Aim of the task
Beginning with the line that holds "MAZDA CX-5 TOURI" and ending with the last line of the entries below, copy every line exactly and nothing else, with the pictures left out.

(Beginning of Dataset records)

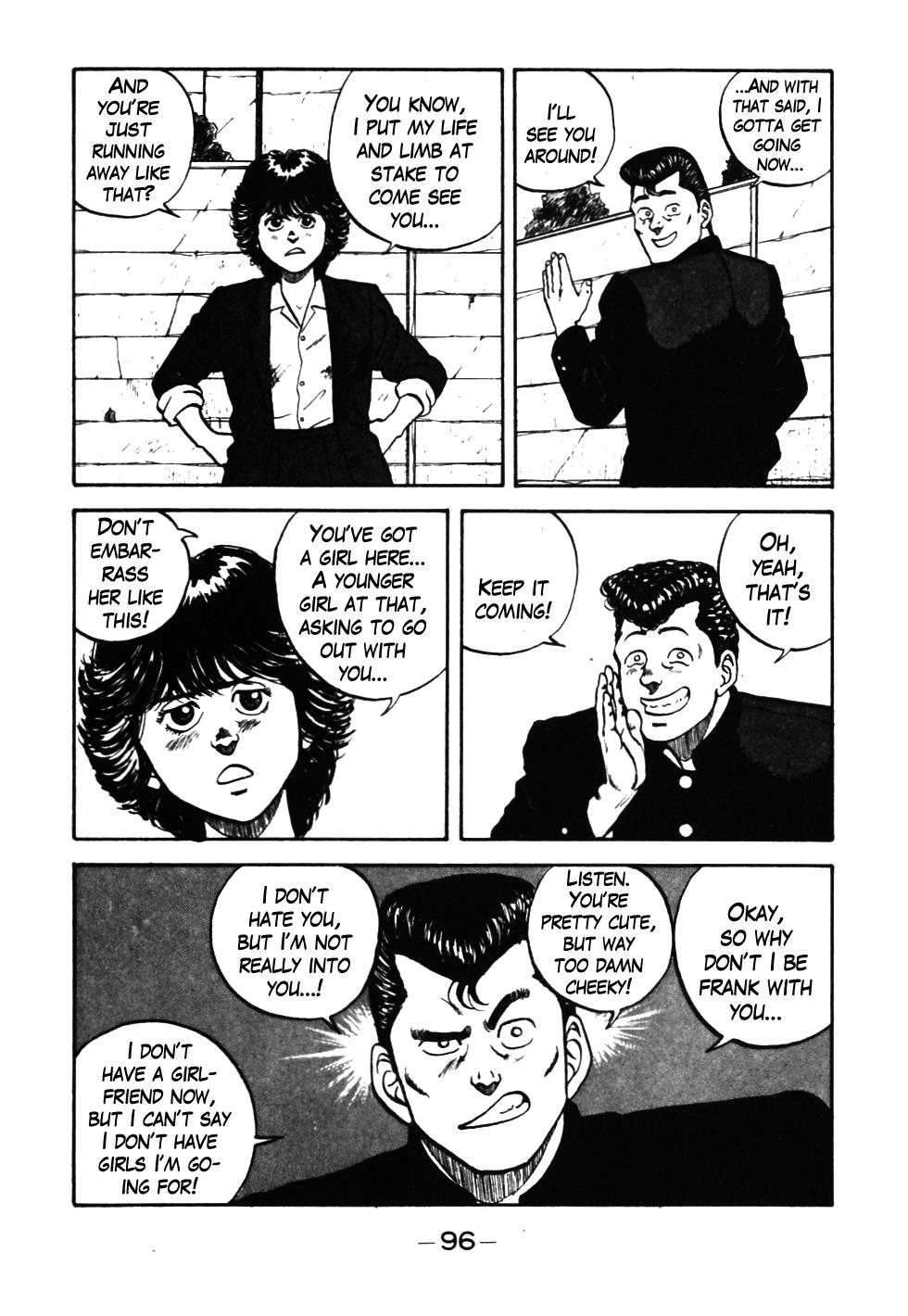 Be-Bop High School Chapter 35 13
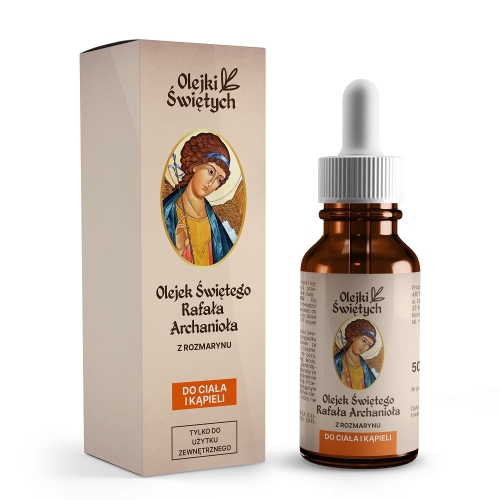 olejek-swietego-michala-archaniola.jpg Olejek Świętego Rafała Archanioła (50 ml) - Olejki Świętych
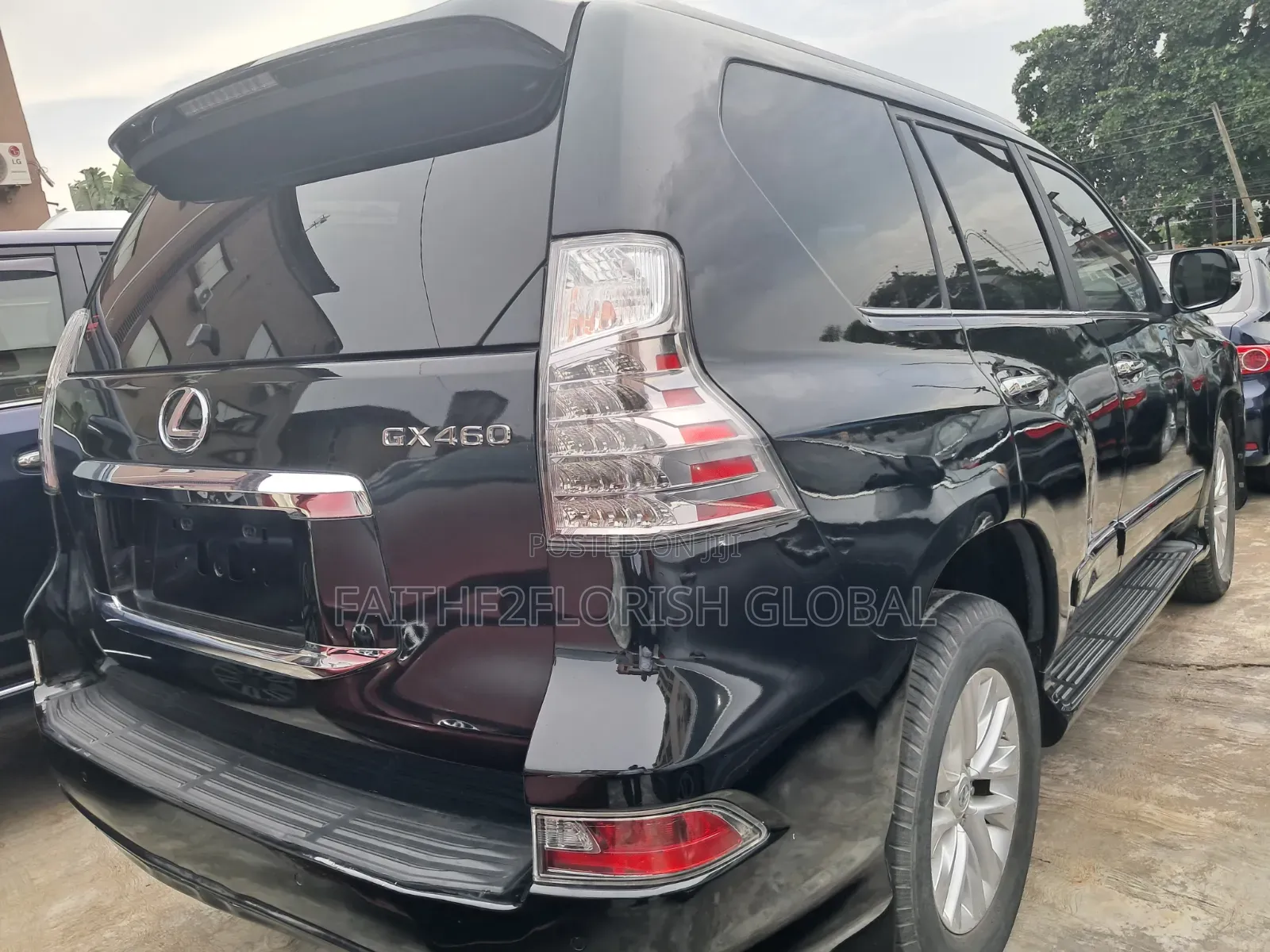 Lexus GX 460 Base 2019 Black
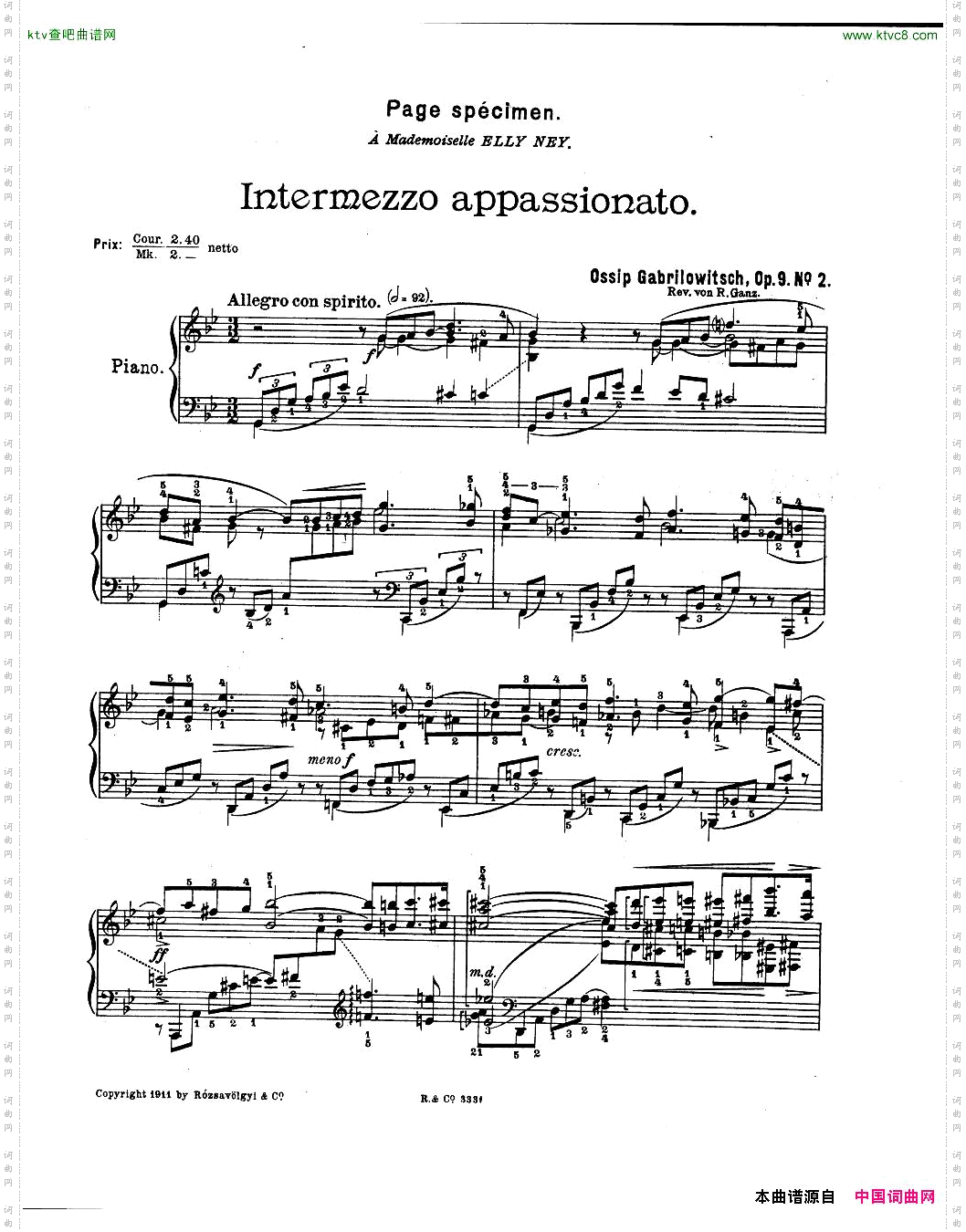 Blanchet-Op.15,no3-Polonaise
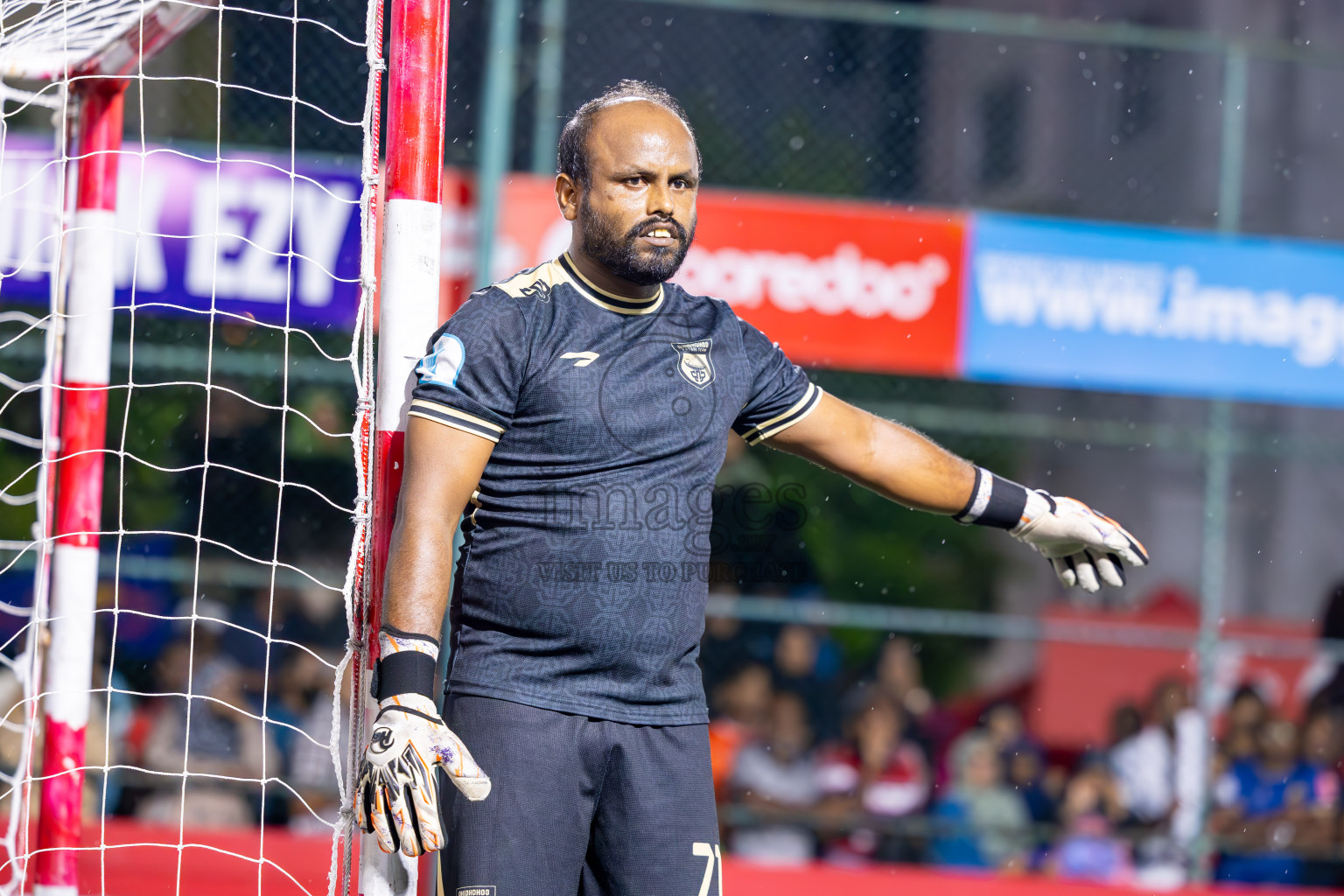 HA Dhidhdhoo vs HA Maarandhoo in Haa Alifu Atoll Semi Final on Day 23 of Golden Futsal Challenge 2025 was held on Monday , 27th January 2025, in Hulhumale', Maldives.
Photos: Ismail Thoriq / images.mv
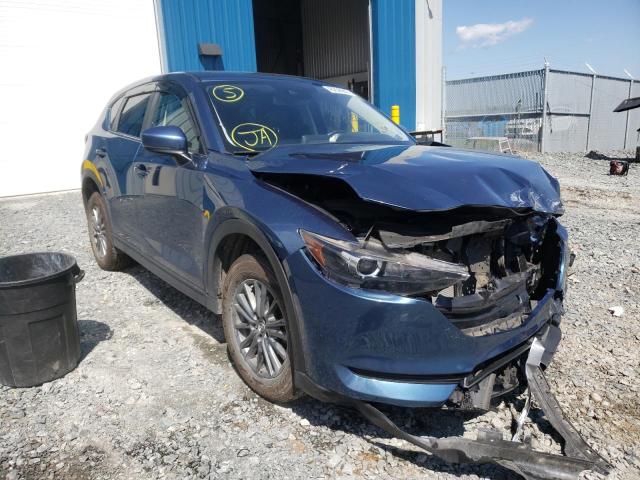 MAZDA CX-5 TOURI 2018 with VIN JM3KFBCM7J0304825 - Photo from auction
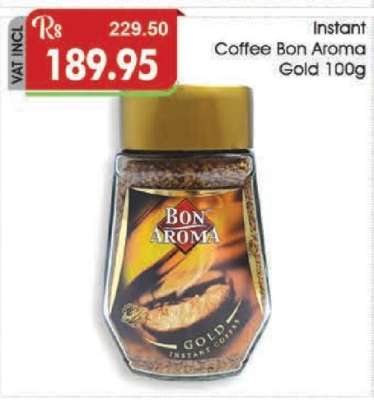Instant Coffee Bon Aroma Gold 100g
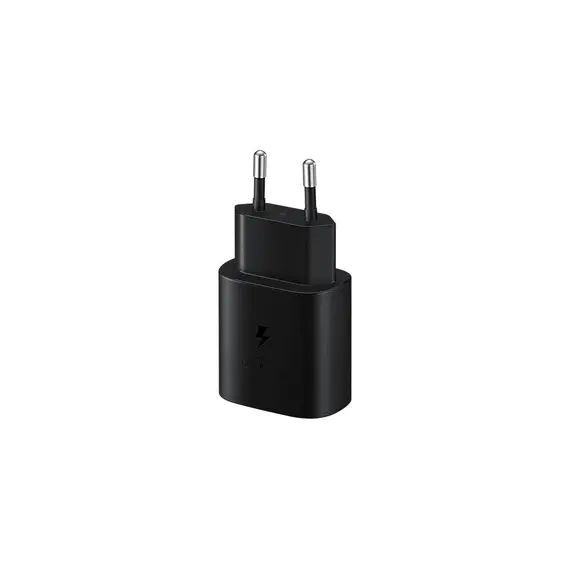 Charger Samsung AC Charger 25W Black (EP-TA800NBEGRU), 2 image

(End of Dataset records)

Answer to this task
 MAZDA CX-5 TOURI 2018 with VIN JM3KFBCM7J0304825 - Photo from auction
Instant Coffee Bon Aroma Gold 100g
 Charger Samsung AC Charger 25W Black (EP-TA800NBEGRU), 2 image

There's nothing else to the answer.